*** Begin section ***

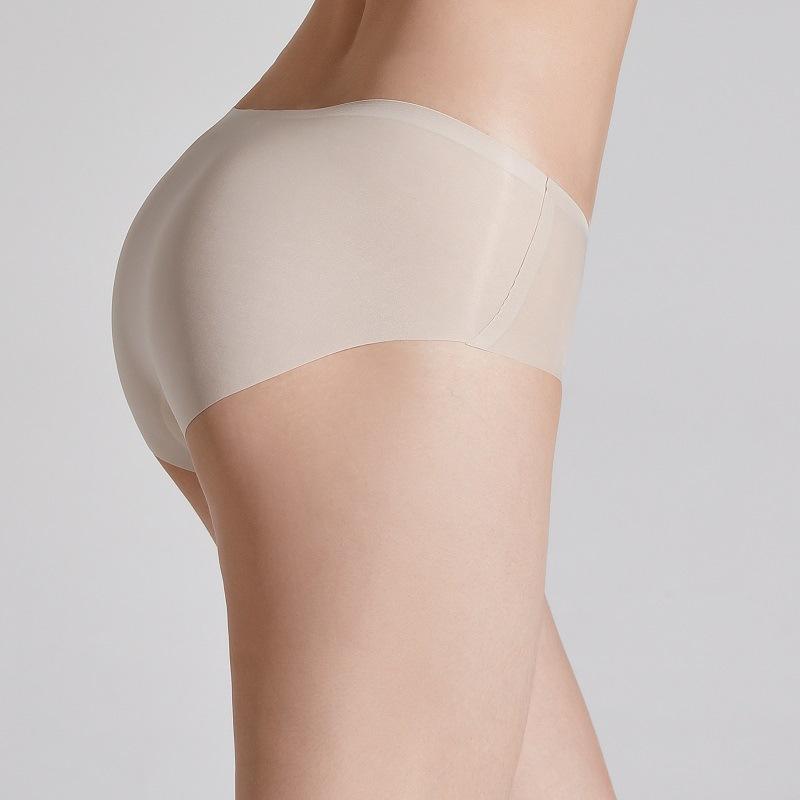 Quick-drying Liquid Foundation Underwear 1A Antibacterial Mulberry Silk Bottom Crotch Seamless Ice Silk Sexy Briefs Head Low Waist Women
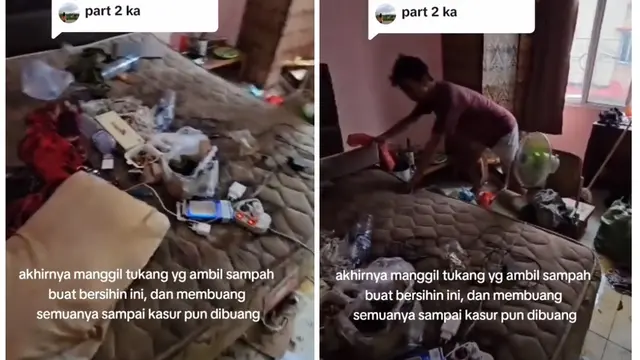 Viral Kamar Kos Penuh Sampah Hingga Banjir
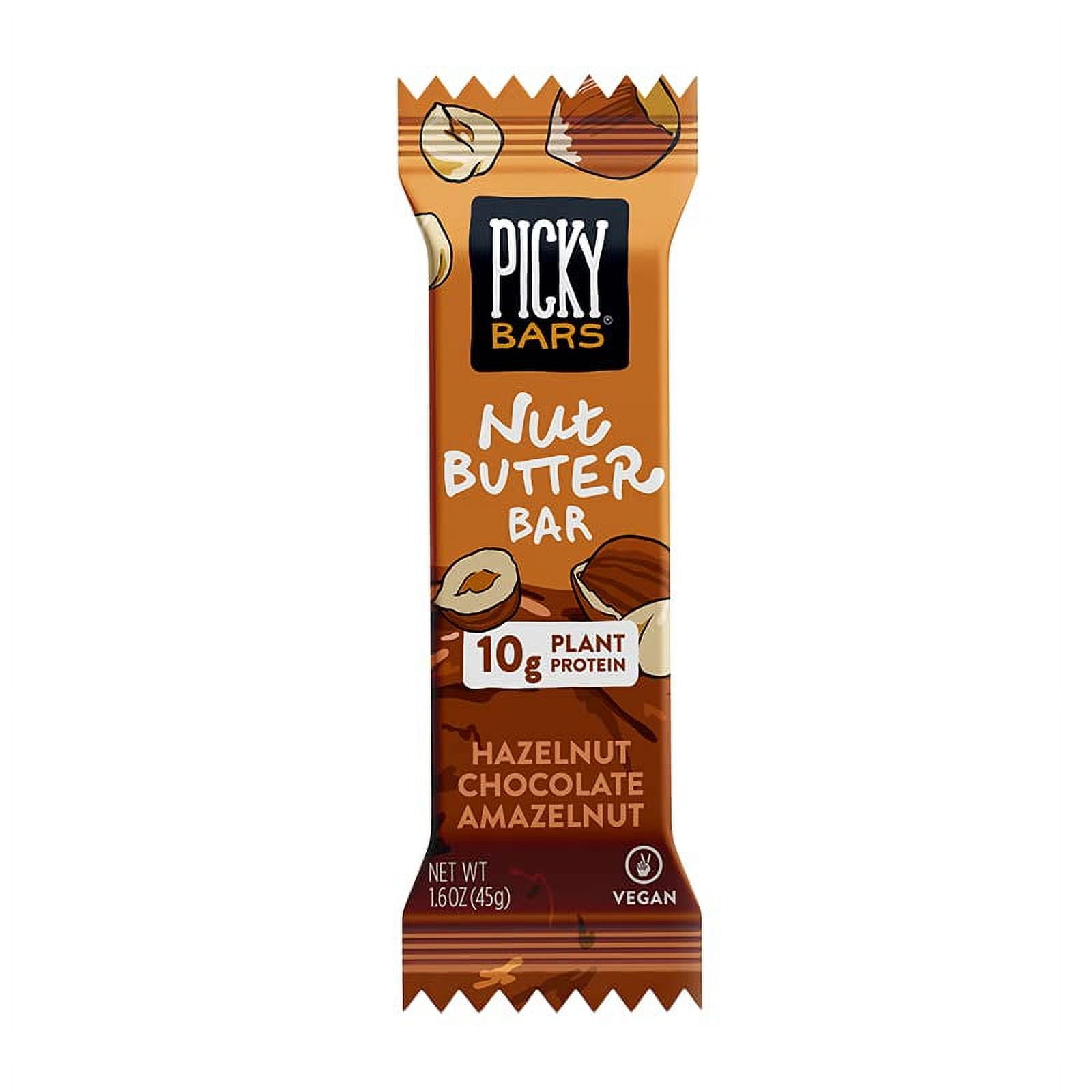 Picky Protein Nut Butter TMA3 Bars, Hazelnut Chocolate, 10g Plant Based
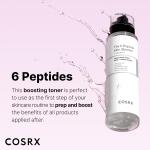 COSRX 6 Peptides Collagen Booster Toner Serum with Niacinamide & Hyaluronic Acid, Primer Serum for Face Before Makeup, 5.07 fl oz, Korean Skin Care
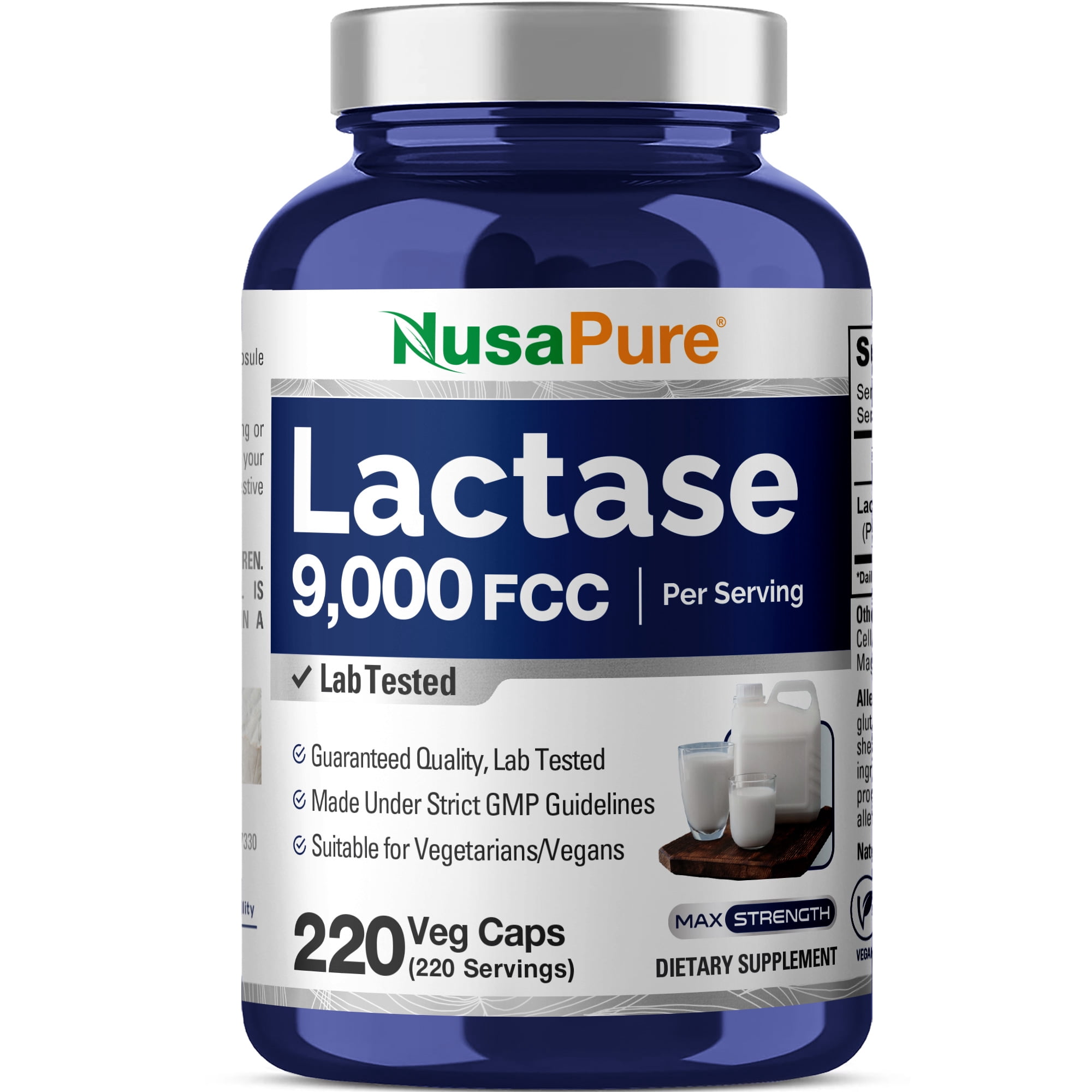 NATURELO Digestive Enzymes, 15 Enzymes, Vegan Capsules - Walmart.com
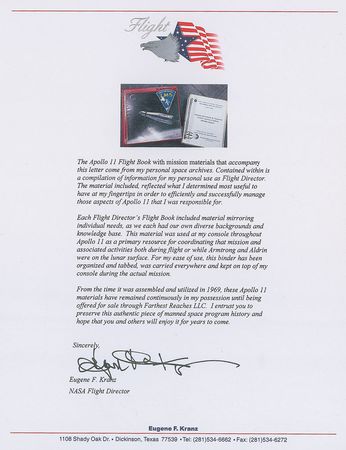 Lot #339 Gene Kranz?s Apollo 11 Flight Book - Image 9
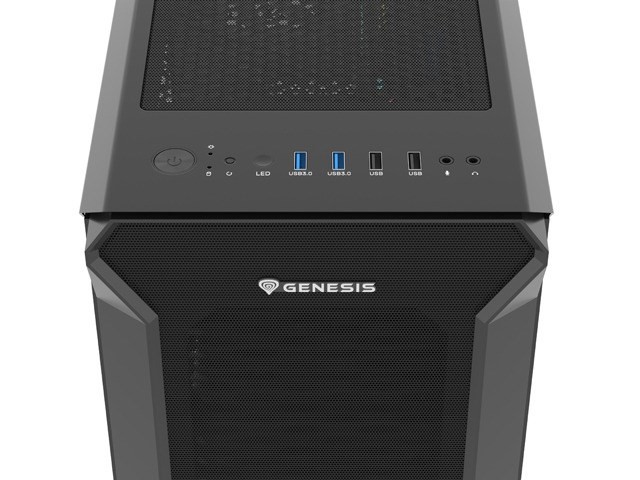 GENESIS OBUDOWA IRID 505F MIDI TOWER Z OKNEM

*** End section ***

Instructions to follow >>
Nothing but the pictures should be left out when the listing above is transcribed.

Solution for this task >>
 Quick-drying Liquid Foundation Underwear 1A Antibacterial Mulberry Silk Bottom Crotch Seamless Ice Silk Sexy Briefs Head Low Waist Women
 Viral Kamar Kos Penuh Sampah Hingga Banjir
 Picky Protein Nut Butter TMA3 Bars, Hazelnut Chocolate, 10g Plant Based
 COSRX 6 Peptides Collagen Booster Toner Serum with Niacinamide & Hyaluronic Acid, Primer Serum for Face Before Makeup, 5.07 fl oz, Korean Skin Care
 NATURELO Digestive Enzymes, 15 Enzymes, Vegan Capsules - Walmart.com
 Lot #339 Gene Kranz?s Apollo 11 Flight Book - Image 9
 GENESIS OBUDOWA IRID 505F MIDI TOWER Z OKNEM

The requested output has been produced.